▶ [TASK INSTRUCTIONS] Exact copies of the lines below, from the one with "Obraz premium A" up to and including the one with "A bus carrying", are what this calls for; leave out pictures.

Data records
-- -- --
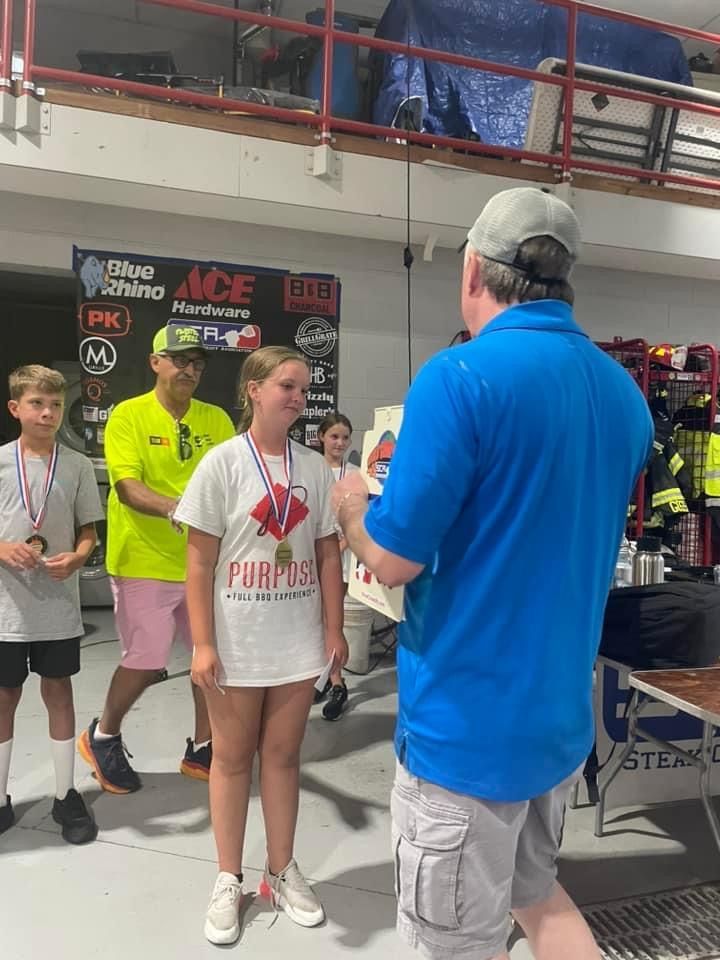 A man in a blue shirt is giving a medal to a girl in a white shirt.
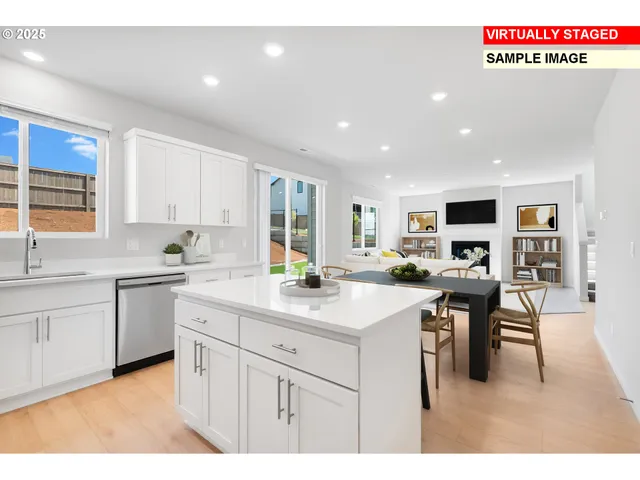 a kitchen with a sink stainless steel appliances and white cabinets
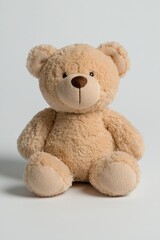 Obraz premium A soft, plush teddy bear sitting upright, designed for comfort and companionship.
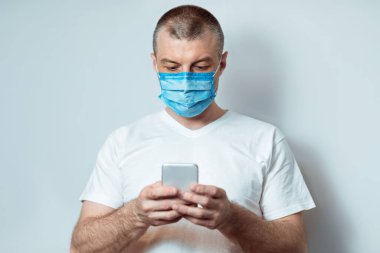 Karantina sırasında telefon kullanan maskeli adam, Gri Arkaplan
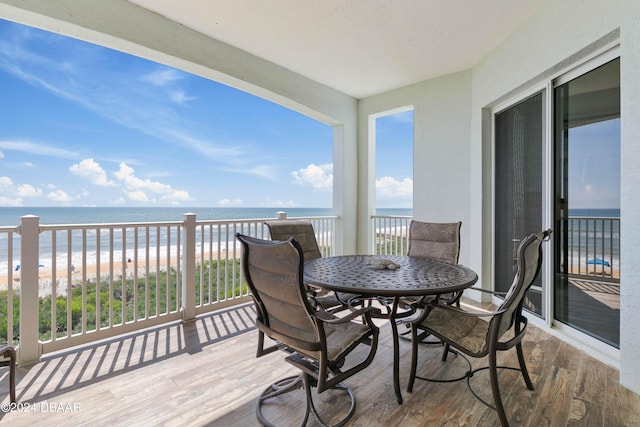 balcony featuring a water view and a view of the beach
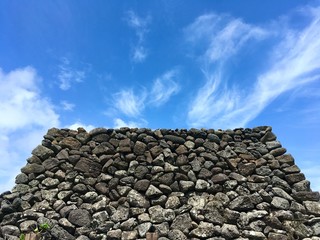 The stone rock with cloud and blue sky landscape on Jeju Korea 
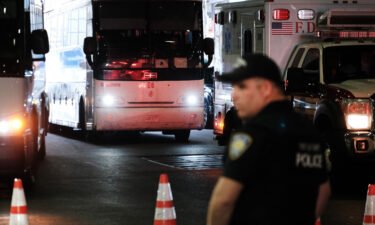 A bus carrying migrants who crossed the border from Mexico into Texas arrives into the Port Authority station.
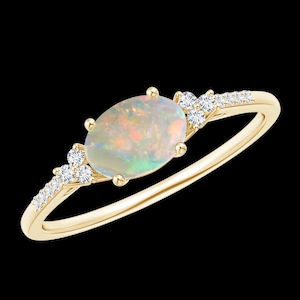 May include: A gold ring featuring an oval opal gemstone with iridescent colors. The ring is accented with small, round diamonds and has a delicate band. The opal is the focal point, showcasing a play of colors.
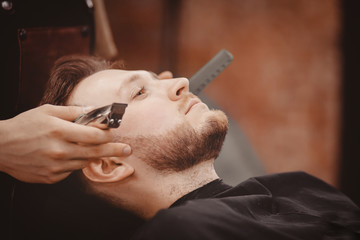 Barber shaves beard of client man on chair Barbershop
-- -- --
▶ [WRITTEN SOLUTION]
 Obraz premium A soft, plush teddy bear sitting upright, designed for comfort and companionship.
 Karantina sırasında telefon kullanan maskeli adam, Gri Arkaplan
 balcony featuring a water view and a view of the beach
 The stone rock with cloud and blue sky landscape on Jeju Korea 
 A bus carrying migrants who crossed the border from Mexico into Texas arrives into the Port Authority station.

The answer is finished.